La Moudawana, catalyseur d’inégalité pour les femmes du Maroc
Par Openchabab Égalité femmes-hommes 2022 : Oumayma Aghzere, Malak Belakhdar, Manon de Matauco, Boutaina El Ouadie, Sara El Ouedrhiri, Rania Jaouhar, Amal Kaibous, Abdessamad Khadiri, Leila Saheb Ettabaa et Kenza Sammoud.
La réforme de la Moudwana de 2004 représentait, certes, une avancée pour les droits des femmes au Maroc par rapport à ce que prévoyait le texte de 1958. Mineures à perpétuité, les Marocaines étaient désormais des femmes adultes dès l’âge de 18 ans. Elles pouvaient désormais demander le divorce, voyager sans l’autorisation de leur mari… Ces avancées ont été largement médiatisées à l’international pour donner une image moderne du Maroc. Mais les régions marginalisées du pays n’ont pas bénéficié des mêmes efforts. Dans le Maroc profond, pour lequel s’applique encore la catégorie de “Maroc inutile” pensée par Lyautey dans le cadre du projet colonial, la Moudawana demeure ignorée. Ce texte qui offrait de nouveaux droits aux citoyennes marocaines n’a pas été soutenu par le travail de promotion, d’explication et d’accompagnement qui aurait été nécessaire. Sa mise en œuvre a donc été incomplète pour beaucoup.
Aujourd’hui, le mariage coutumier continue de toucher des milliers de filles, le plus souvent mineures. De nombreuses familles ne disposent d’aucun document officiel prouvant leur statut marital, l’identité de leurs enfants, et établissant leurs droits en cas de divorce et de veuvage. L’accès à des droits fondamentaux comme le droit à l’état civil, le droit à la santé, le droit à l’éducation… leur est ainsi dénié. Les agents de l’État civil et de la justice ne sont pas sans ignorer cette situation et force est de constater que trop peu de choses sont faites pour la résoudre, ce qui perpétue et aggrave les conditions de vie de populations déjà dans une extrême précarité – avec les conséquences que cela implique : prostitution, criminalité…
Par ailleurs, ce texte même s’est avéré insuffisant pour une véritable promotion des droits des femmes. En 2020, 81 % des 32.000 demandes de mariages impliquant une mineure ont reçu l’approbation des juges – pour la plupart très conservateurs. En 2021, 12.600 autorisations de mariage de mineurs ont été accordées. Ces chiffres prouvent, sans contestation, que l’article 20 de la Moudawana, offrant la possibilité de déroger à l’âge légal du mariage (18 ans), est loin d’être une exception. Or il est établi que les mariages précoces sont des sources de violence et de maltraitance pour les mineures.

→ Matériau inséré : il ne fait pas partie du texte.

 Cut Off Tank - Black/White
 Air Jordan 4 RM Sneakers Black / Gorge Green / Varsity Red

La réforme de la Moudawana n’a pas, non lus, été accompagnée par l’harmonisation demandée par la société civile avec d’autres codes comme le Code pénal, freinant ainsi la révolution des mentalités tant espérée.
Aussi, elle constitue toujours un véritable défi institutionnel, éducatif et culturel. Aujourd’hui, nous, jeunes, avons vécu dans une société marquée par le gouffre entre les objectifs affichés de la Moudawana et la réalité des situations dont nous sommes témoins. Nous n’acceptons pas que nos vies soient régies par un Code qui n’interdit pas totalement la polygamie et qui tolère d’autres formes d’inégalités entre femmes et hommes. Nous considérons que la vision véhiculée par la Moudawana de la place des femmes et des enfants (tutelle, pension…) est archaïque.

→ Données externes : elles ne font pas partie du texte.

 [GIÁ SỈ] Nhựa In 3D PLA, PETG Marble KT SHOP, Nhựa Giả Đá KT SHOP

Nous nous rappelons que le texte proposé par Saïd Saadi en 1999, alors secrétaire d’État chargé de la Protection sociale, de la Famille et de l’Enfance, était bien plus courageux que celui qui a été finalement adopté, après amendements, et consacrait de façon beaucoup plus claire l’égalité entre femmes et hommes.
Nous considérons qu’il est temps de réformer ce texte en évitant de reproduire les erreurs du passé. Il est également et bien temps de couronner les efforts des associations qui militent depuis des décennies pour la cause de l’égalité entre femmes et hommes au Maroc.◆
Cette tribune a été publiée en mars 2022 dans le dossier « Plaidoyer pour réformer la Moudawana » coordonné par Pauline Maisterra, de Femmes du Maroc.